As an association where membership is not only limited to socio-political bloggers, All-Blogs was set up in advocacy of item 7 of the MSC Bill of Guarantees; no internet censorship. Membership is open to all bloggers. The idea of Bloghouse was to give All-Blogs a physical home.
Although the get together yesterday was the initiative of lawyer cum blogger, Haris Ibrahim (People’s Parliament) it was supported by All-Blogs which was also officially launching Bloghouse on the same day.
A forum/workshop, “Bangsa Malaysia: The Way Forward” which started at 5.00 pm preceded the gathering and I was among the 30 or so invited. Initially, I felt out of place and was wondering what the hell I was doing there until I met another orang Taiping; georgy porgy Bernard Khoo (Zorro Unmasked), the oldest blogger there (born 1940) was one of the scheduled speakers.
Although there was an itinerary, the function was by and large devoid of formalities. After the forum, I reckon there were finally more than 100 people at the gathering. It appeared to be a pot-luck arrangement by the organizers for the food and drinks but what surprised me was the fridge stocked with beer for all.
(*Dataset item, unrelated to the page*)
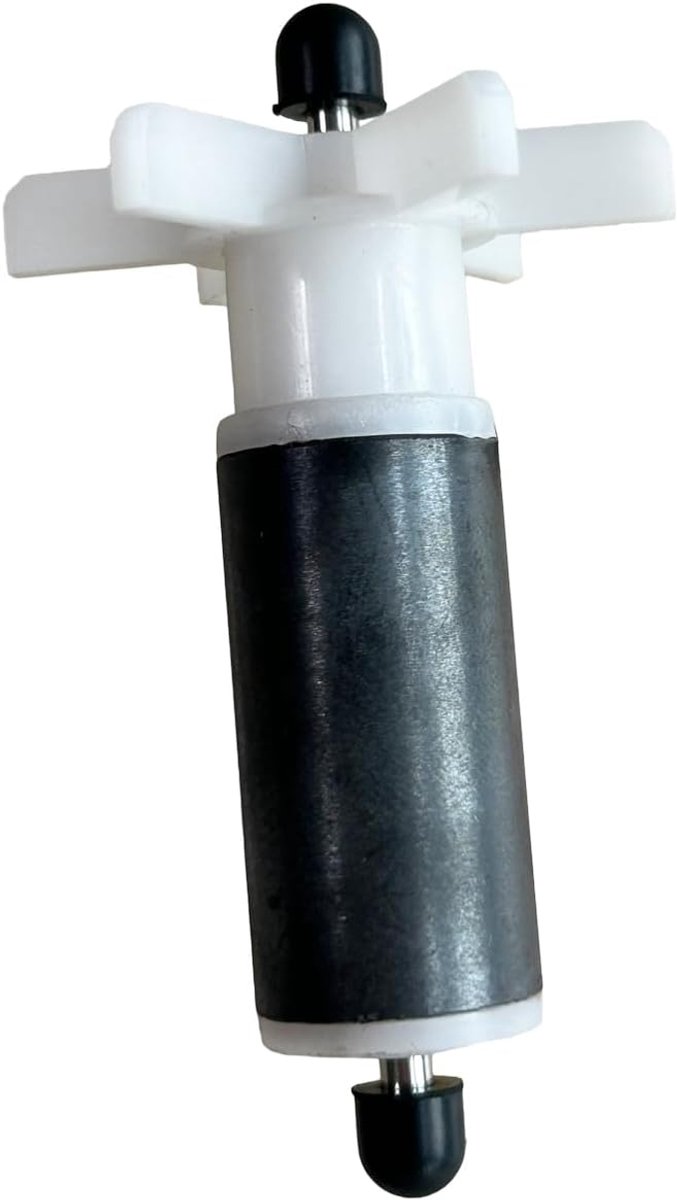Vervangende loopwiel voor Intex 28638 638R zwembadpomp, wieler voor bovengrondse zwembadcartridgefilterpomp - ShopVlot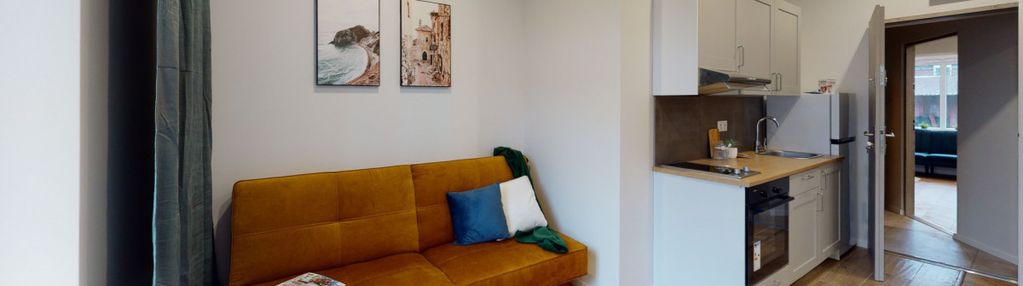 Idealna inwestycja wysokie roi budynek po remoncie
Overall, the ambience and conduct was reminiscence of a typical Taiping get-together. The multi-racial crowd was definitely a gathering of like minded individuals and I was tempted to think that this was going to be another “preaching to the choir” initiative that was going no where in no time. Many of those there seem to be familiar with each other and the camaraderie was clear.
As the forum/workshop progressed, it became apparent that this “bloggers united” cabal was serious about realizing their dream of a Bangsa Malaysia identity. This was an inaugural event and there are plans to have road shows in all major towns throughout the country. This was a ripple with an ambition to be a tsunami; influencing the social landscape and demography of the nation. The two objectives of the forum were to attempt to create an acceptable profile of Bangsa Malaysia and to discuss potential obstacles to the realization of the Bangsa Malaysia ideal.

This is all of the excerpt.